AIG Offers Hedge Fund Managers ‘Malpractice’ Insurance

Dec 15 2005 | 5:32pm ET

American International Group launched an insurance product this week aimed at protecting hedge fund managers, directors and officers against liability and potential litigation. According to industry experts, this is the first time an insurance product has been specifically created for and marketed to hedge fund managers, but while AIG thinks the product will be a big hit, some managers are skeptical that it will take off.

Maurice Berkower, CPA and hedge fund advisor with Acquavella, Chiarelli, Shuster, Berkower & Co., said “It’s a product that probably belongs in the marketplace. I just don’t know how receptive the market will be to it.”

He added that because of the cost and questions over whether a hedge fund manager would have to disclose the insurance to his or her clients, he believes that “only very, very large managers would possibly go for it.”
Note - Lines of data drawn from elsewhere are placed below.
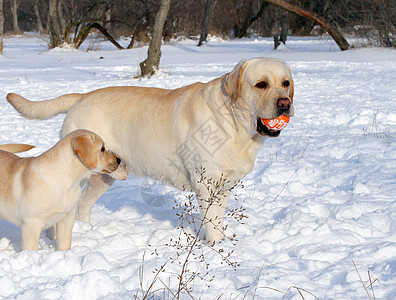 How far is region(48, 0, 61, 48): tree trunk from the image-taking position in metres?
20.6

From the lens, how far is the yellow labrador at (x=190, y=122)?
138 inches

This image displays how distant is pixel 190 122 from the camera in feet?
12.3

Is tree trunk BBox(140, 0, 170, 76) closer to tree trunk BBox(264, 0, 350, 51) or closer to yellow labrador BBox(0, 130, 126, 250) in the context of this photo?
tree trunk BBox(264, 0, 350, 51)

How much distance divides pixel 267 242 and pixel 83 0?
27378 mm

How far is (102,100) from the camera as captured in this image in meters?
4.02

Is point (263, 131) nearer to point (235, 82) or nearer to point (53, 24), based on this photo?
point (235, 82)

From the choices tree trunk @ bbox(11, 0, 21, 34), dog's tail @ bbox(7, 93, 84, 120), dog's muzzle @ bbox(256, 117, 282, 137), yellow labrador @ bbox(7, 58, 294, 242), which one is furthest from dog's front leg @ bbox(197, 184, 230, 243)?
tree trunk @ bbox(11, 0, 21, 34)

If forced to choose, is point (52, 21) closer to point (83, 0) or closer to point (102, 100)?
point (83, 0)

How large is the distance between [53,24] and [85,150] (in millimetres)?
19504

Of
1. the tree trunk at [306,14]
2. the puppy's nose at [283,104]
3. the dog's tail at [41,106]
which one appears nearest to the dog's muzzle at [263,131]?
the puppy's nose at [283,104]

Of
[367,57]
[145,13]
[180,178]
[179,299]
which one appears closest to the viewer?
[179,299]

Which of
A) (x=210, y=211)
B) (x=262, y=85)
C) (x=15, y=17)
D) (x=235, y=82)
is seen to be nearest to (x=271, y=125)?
(x=262, y=85)

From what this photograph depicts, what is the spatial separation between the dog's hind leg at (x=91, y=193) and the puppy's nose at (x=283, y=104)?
5.86 ft

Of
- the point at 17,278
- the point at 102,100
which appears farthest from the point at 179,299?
the point at 102,100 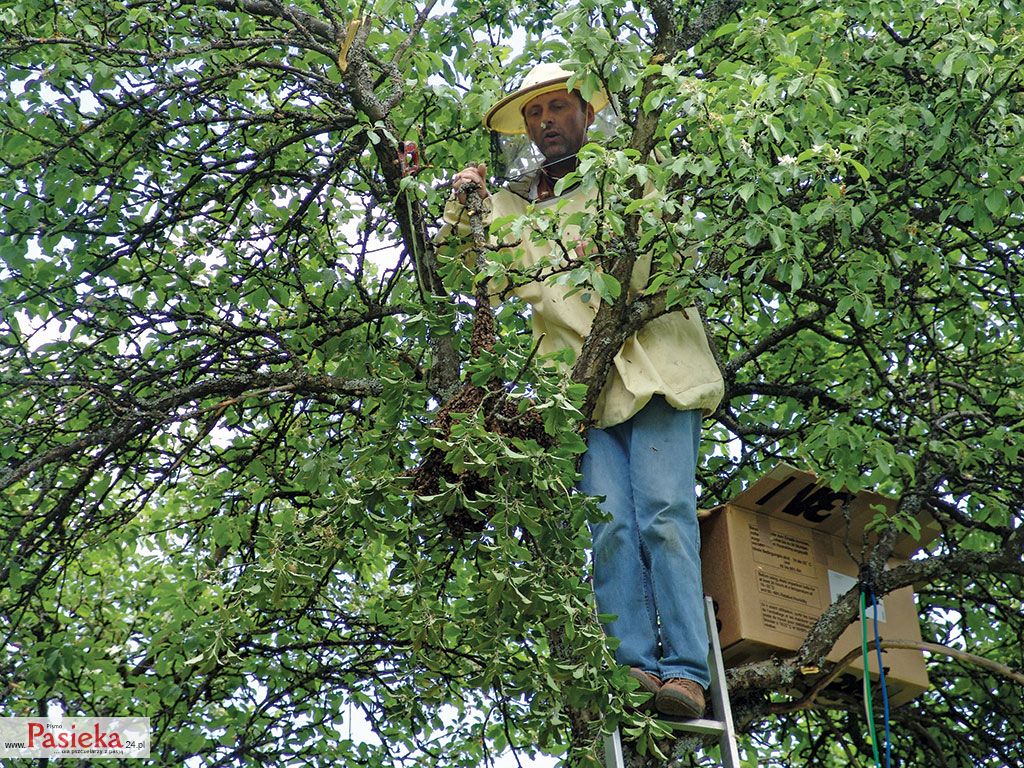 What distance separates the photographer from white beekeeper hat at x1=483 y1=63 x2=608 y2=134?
5172 millimetres

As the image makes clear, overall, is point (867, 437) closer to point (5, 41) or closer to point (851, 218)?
point (851, 218)

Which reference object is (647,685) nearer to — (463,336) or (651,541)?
(651,541)

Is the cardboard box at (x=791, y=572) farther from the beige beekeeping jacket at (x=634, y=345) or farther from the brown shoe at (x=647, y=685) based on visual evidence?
the brown shoe at (x=647, y=685)

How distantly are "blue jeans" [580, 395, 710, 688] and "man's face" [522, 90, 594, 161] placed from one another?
1.14 meters

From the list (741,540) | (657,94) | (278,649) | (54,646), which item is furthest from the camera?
(278,649)

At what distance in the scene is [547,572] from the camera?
3904 mm

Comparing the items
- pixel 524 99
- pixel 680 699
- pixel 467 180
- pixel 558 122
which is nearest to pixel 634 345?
pixel 467 180

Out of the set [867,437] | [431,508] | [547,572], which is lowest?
[547,572]

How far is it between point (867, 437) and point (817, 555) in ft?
1.74

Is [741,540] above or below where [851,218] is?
below

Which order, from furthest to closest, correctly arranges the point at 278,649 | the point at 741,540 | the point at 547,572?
the point at 278,649 < the point at 741,540 < the point at 547,572

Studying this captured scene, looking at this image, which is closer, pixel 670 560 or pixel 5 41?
pixel 670 560

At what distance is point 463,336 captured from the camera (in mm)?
5438

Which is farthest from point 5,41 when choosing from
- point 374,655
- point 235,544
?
point 374,655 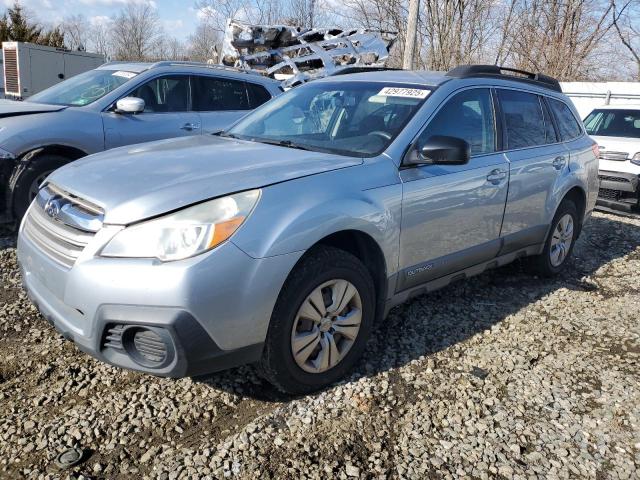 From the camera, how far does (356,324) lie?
307 centimetres

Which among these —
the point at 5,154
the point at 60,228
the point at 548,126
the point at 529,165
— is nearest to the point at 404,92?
the point at 529,165

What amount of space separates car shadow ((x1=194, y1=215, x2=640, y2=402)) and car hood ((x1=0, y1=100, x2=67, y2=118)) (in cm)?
381

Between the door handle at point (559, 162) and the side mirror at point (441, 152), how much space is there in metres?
1.74

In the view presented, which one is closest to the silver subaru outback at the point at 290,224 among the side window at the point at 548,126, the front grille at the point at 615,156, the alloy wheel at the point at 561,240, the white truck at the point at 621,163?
the side window at the point at 548,126

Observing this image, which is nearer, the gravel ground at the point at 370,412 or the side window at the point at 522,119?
the gravel ground at the point at 370,412

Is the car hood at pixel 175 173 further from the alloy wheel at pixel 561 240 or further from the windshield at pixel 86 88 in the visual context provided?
the windshield at pixel 86 88

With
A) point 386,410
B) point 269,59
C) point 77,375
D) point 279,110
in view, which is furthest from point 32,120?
point 269,59

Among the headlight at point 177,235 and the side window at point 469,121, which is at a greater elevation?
the side window at point 469,121

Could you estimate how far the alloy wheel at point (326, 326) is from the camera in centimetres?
280

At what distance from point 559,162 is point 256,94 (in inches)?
153

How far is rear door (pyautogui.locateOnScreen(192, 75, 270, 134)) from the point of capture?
6.46m

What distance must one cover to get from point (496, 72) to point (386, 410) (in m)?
2.73

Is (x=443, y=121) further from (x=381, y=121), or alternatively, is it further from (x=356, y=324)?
(x=356, y=324)

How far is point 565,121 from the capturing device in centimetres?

Scott Meyer, president of National Union’s Financial Institutions Group, the subsidiary of AIG offering the new product, disagrees. “I think hedge funds have seen what has happened in the mutual fund world. They’ve seen what has happened in general in corporate America. And with new regulation on the horizon, they’ve asked us in large numbers to come up with protection specifically for them, and we have.”

He said that less that 30% of hedge funds currently have some sort of directors and officer or errors and omissions insurance, and he expects that based on the interest he has seen, that number will double by the end of next year. Meyer attributes this increase in demand partly to the upcoming laws that will require hedge funds to register with the Securities & Exchange Commission.

But what exactly will this type of insurance cover? Meyer explained that it protects directors, officers and the fund against any error or omission committed while carrying out a defined obligation where they earn a fee. Allegations that a wrongful act has occurred would be covered, but final adjudicated fraud or other crimes would not be.

For example, if a hedge fund manager committed fraud, the insurance would cover the manager’s defense up until the time the manager was convicted of fraud. At that point, National Union would seek the amount of money that it had reimbursed the manager for during his defense.

David Kurzman, managing partner of New York-based hedge fund Kurzman Partners, also has his doubts about hedge fund insurance. “It would seem to me that it’s a very expensive thing to protect against,” said Kurzman. “I don’t think that it is the kind of thing that we are going to use here because we are not using leverage and we’re keeping our fund conservative.”

In addition to covering the cost of litigation, the insurance— called Hedge Fund Protector—includes automatic coverage for newly-formed hedge funds that have the same investment personnel as the existing funds, and options for separate cover, including employment practices liability, “Side Pockets”—private equity/venture capital professional liability, administrator liability and plan assets fund liability.